◆ **YOUR INSTRUCTIONS**: Beginning with the line containing "Elegant Candlestick ...", give every line again exactly as it is, ending with the last line of the entries.
[[ SOURCE RECORDS open ]]
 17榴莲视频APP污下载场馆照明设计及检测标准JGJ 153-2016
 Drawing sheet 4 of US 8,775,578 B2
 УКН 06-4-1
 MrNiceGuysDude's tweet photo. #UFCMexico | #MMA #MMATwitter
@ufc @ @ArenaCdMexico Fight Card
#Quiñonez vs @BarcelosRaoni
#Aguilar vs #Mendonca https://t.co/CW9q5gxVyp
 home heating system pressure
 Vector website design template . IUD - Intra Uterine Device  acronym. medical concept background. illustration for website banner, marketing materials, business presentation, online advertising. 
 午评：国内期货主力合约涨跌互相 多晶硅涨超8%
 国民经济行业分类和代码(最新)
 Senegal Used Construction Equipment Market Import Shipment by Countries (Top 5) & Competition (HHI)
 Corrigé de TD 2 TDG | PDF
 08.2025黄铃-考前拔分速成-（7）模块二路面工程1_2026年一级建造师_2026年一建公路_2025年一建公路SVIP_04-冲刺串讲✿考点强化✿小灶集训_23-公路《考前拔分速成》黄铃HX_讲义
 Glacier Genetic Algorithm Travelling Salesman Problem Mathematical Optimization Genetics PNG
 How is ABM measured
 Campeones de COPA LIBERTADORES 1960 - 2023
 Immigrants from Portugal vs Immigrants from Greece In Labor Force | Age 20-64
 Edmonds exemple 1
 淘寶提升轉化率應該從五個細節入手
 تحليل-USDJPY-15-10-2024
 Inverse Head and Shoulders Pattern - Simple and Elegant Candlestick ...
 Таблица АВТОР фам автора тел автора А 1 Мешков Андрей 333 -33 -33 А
[[ SOURCE RECORDS closed ]]
◆ **RESPONSE TO THE EXERCISE**:
 Inverse Head and Shoulders Pattern - Simple and Elegant Candlestick ...
 Таблица АВТОР фам автора тел автора А 1 Мешков Андрей 333 -33 -33 А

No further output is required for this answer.